Accurate and Effective Storage Benchmarking

Determining Scope for a Storage Performance Benchmark

Building an effective system performance benchmark requires a structured approach to systematically evaluate a system's capabilities under well-defined conditions. A comprehensive benchmarking process begins with one of the most critical steps: Determining the Scope.

The first step in creating a meaningful storage performance benchmark is to determine precisely what aspects of the system you want to evaluate. This requires a detailed analysis of the system's specifications, including hardware components, software components, and configurations. A thorough understanding of the system will help you identify potential bottlenecks—areas where performance might be constrained under certain conditions.

Different components, and component types have different performance tradeoffs. Spinning hard drives tend to offer the best capacities and relatively good streaming throughput but have high latency that mean certain workloads will have abysmal performance. SSDs, with their lack of moving parts, overcome much of the latency problem and can saturate their SATA or SAS bus lanes while being only moderately more expensive. NVMe overcomes the limitations of the SAS bus by directly connecting to the CPU via the PCI-Express bus. It offers extremely high throughput and even lower latency, while the improved protocol allows much higher concurrency than even SSDs.
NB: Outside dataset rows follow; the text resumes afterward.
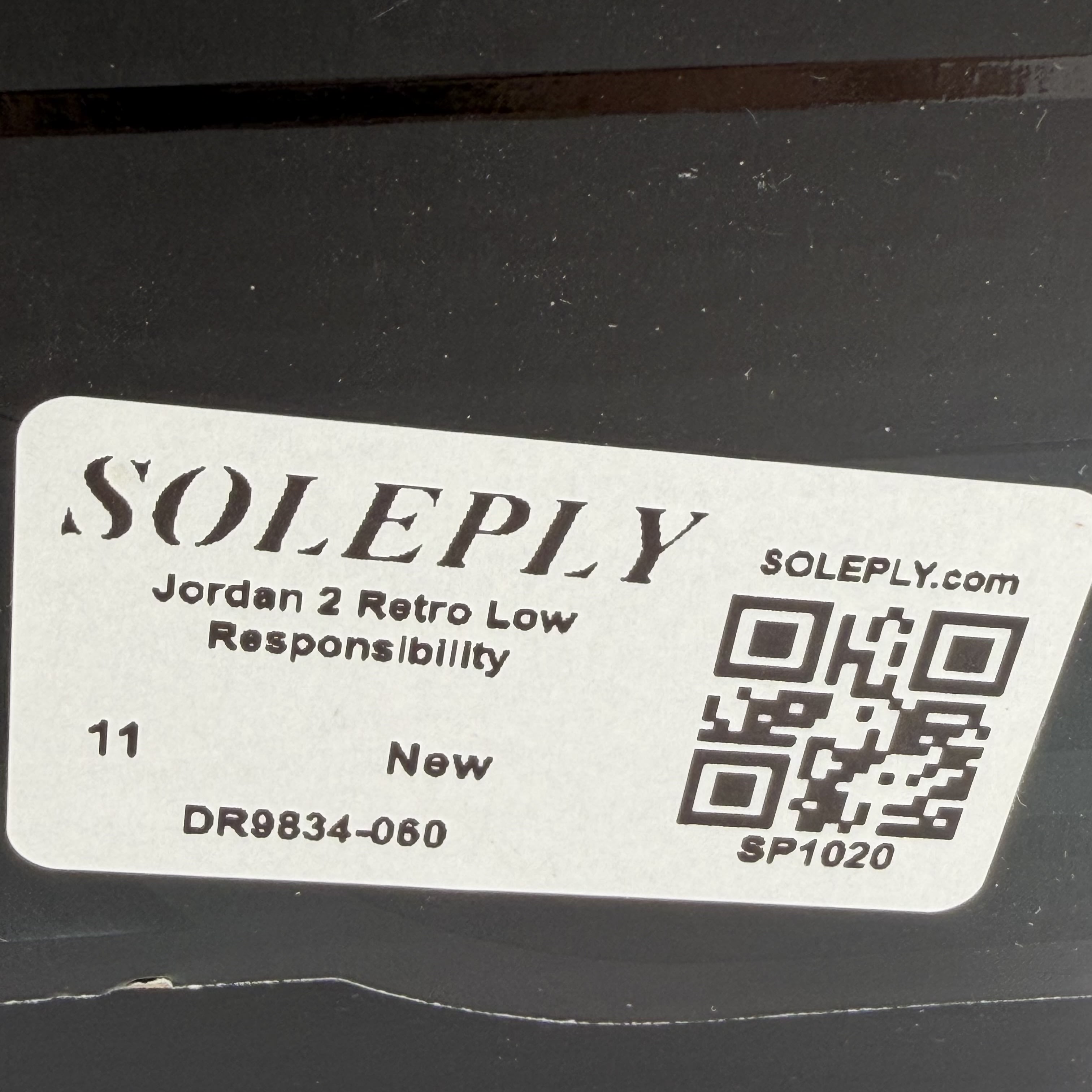 SP1020 Jordan 2 Retro Low Responsibility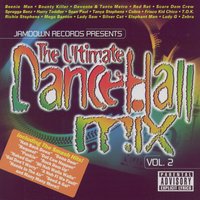 Hands In The Air - T.O.K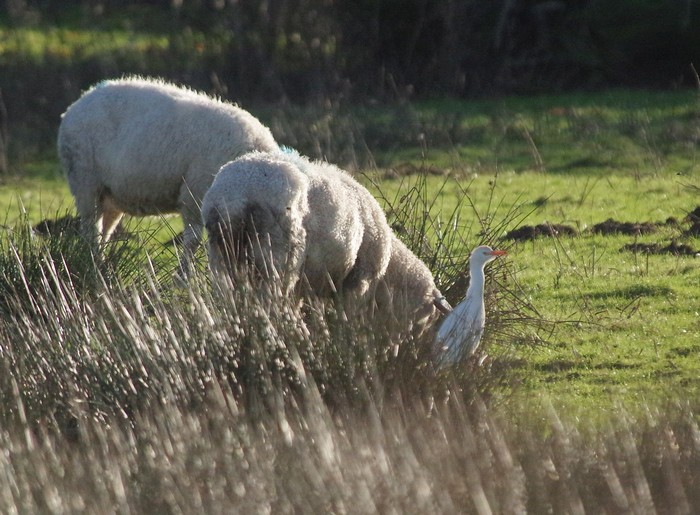 Cattle Egret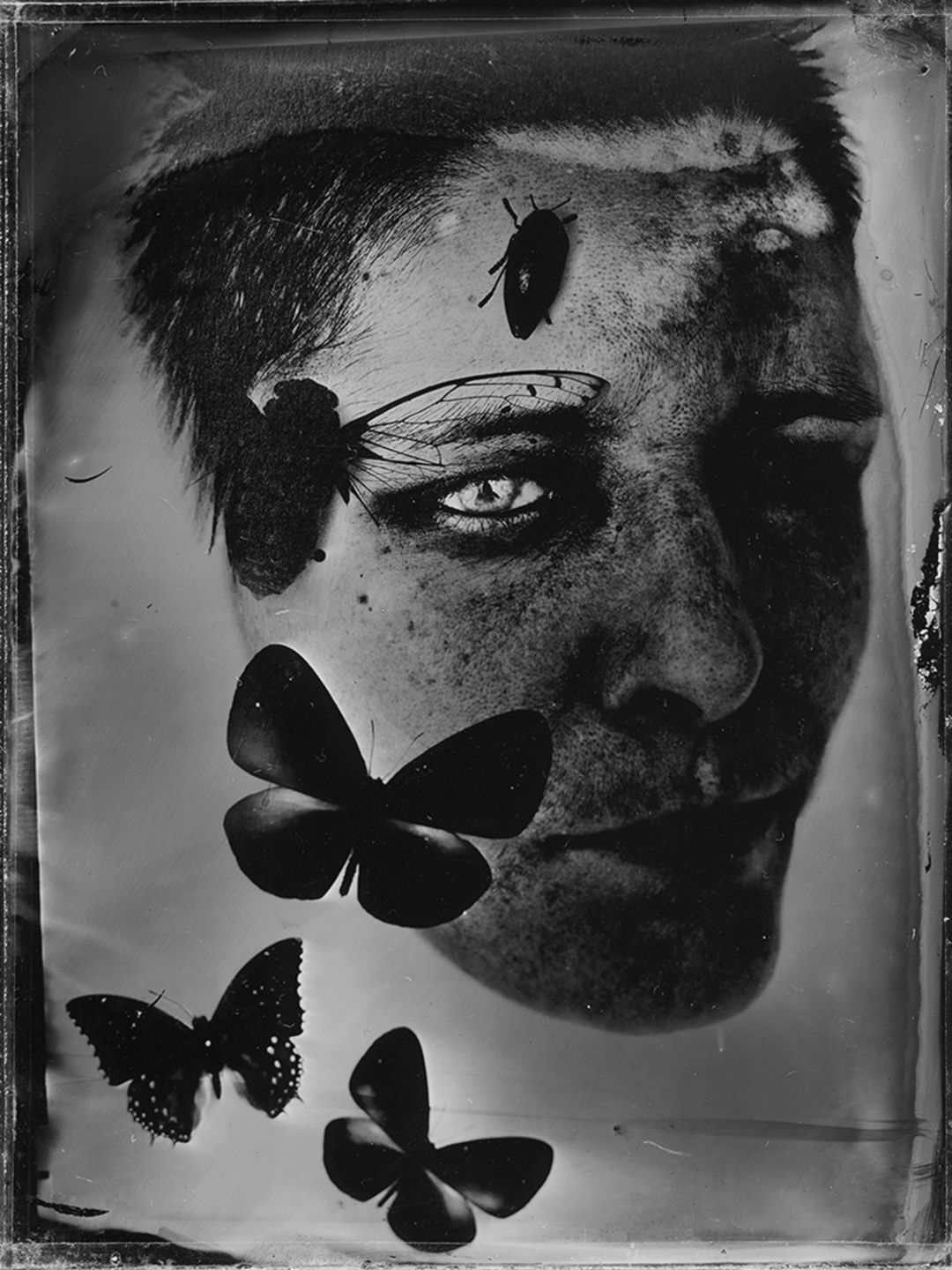 16 Polaków na podium oraz ponad 30 wyróżnionych w International Photographer of the Year 2017 15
If you are designing a benchmark of hard drives, a small block random read workload can be expected to perform at only a few megabytes per second. This is because what you are testing is actually seek latency and IOPS, not throughput. While at the same time, if your requirement is to saturate a 10-gigabit network link with streaming video, this same thing can be accomplished for significantly less using HDDs rather than NVMe drives.

Testing Conditions

Once potential bottlenecks are identified, they must be carefully considered when planning the testing procedure. For instance, a storage subsystem with slower I/O might skew overall performance results, making it crucial to design tests that either account for or work around such limitations. Failing to address bottlenecks in advance can result in benchmarks that do not reflect the system's true performance or its behavior under real-world workloads.

Aligning Benchmark Tests with Real-World Usage

The benchmark tests should be meticulously designed to replicate the actual usage scenarios of the system as closely as possible. This involves creating benchmarks that mirror the types of workloads and operations the system will handle in production. For example:

Database Server. Tests should focus on query execution times, synchronous transaction rate, and concurrent user handling.

Data Analytics System. Tests should emphasize processing large datasets and performing complex calculations.

Media Editing Workloads. Streaming throughput and 99th percentile latency are the key metrics.

Ensuring that tests align with real-world usage will provide more accurate insights and actionable results.

To look at how to investigate and resolve bottlenecks, see our article on Managing and Tracking Storage Performance.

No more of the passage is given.